To do — Once the line with "Двухместный номер Standard" is found, return it along with every line after it, exactly, through the end of the material.

Material provided —

++++++++++++++++++++

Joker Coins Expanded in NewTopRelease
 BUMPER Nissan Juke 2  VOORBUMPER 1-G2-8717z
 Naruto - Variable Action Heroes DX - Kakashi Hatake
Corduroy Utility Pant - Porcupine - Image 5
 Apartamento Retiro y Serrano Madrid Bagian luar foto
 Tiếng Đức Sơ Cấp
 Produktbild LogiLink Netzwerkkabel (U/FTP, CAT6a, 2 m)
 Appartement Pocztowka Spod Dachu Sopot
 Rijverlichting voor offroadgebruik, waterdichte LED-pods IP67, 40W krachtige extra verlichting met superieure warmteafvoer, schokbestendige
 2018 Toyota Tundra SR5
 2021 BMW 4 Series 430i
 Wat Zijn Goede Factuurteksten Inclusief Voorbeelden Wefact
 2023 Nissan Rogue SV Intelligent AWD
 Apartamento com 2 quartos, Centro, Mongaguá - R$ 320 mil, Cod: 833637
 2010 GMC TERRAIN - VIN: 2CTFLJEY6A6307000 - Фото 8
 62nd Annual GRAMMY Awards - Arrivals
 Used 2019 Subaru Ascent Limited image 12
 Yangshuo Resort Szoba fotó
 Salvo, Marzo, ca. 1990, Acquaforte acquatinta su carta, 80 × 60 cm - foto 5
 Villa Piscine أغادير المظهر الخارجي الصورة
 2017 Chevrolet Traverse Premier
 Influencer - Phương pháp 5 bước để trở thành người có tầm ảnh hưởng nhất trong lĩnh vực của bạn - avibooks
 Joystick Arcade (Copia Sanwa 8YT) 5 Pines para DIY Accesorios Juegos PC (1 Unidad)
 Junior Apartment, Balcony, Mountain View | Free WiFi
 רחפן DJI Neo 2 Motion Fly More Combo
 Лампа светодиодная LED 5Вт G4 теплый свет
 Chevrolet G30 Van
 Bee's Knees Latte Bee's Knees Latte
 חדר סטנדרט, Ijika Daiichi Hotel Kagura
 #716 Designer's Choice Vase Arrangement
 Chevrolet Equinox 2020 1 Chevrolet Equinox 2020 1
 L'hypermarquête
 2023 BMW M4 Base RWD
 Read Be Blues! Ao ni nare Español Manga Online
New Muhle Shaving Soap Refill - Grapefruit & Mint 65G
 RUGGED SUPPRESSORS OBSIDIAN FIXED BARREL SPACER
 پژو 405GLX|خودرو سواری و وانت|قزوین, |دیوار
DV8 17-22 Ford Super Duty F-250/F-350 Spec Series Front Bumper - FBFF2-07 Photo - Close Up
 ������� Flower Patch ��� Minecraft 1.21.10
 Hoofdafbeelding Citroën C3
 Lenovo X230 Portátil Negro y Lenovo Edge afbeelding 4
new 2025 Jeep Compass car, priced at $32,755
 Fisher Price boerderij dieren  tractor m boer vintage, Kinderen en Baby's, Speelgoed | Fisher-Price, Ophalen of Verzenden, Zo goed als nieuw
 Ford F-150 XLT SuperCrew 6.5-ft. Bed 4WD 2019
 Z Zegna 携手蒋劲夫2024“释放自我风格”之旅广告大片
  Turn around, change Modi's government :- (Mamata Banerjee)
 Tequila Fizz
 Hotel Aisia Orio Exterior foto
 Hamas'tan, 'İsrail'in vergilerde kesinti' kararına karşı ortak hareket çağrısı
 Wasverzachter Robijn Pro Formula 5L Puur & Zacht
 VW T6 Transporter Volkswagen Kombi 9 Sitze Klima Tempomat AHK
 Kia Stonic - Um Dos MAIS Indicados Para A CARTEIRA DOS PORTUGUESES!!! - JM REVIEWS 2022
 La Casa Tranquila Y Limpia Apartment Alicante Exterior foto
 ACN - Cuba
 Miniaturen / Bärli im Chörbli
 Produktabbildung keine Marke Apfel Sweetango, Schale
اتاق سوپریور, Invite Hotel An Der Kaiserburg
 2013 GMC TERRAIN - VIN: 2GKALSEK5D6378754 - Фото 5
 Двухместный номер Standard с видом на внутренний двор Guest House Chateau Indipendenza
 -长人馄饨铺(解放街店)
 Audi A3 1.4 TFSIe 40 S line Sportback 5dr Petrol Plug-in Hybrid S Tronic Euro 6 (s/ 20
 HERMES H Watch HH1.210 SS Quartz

++++++++++++++++++++

Task result —
 Двухместный номер Standard с видом на внутренний двор Guest House Chateau Indipendenza
 -长人馄饨铺(解放街店)
 Audi A3 1.4 TFSIe 40 S line Sportback 5dr Petrol Plug-in Hybrid S Tronic Euro 6 (s/ 20
 HERMES H Watch HH1.210 SS Quartz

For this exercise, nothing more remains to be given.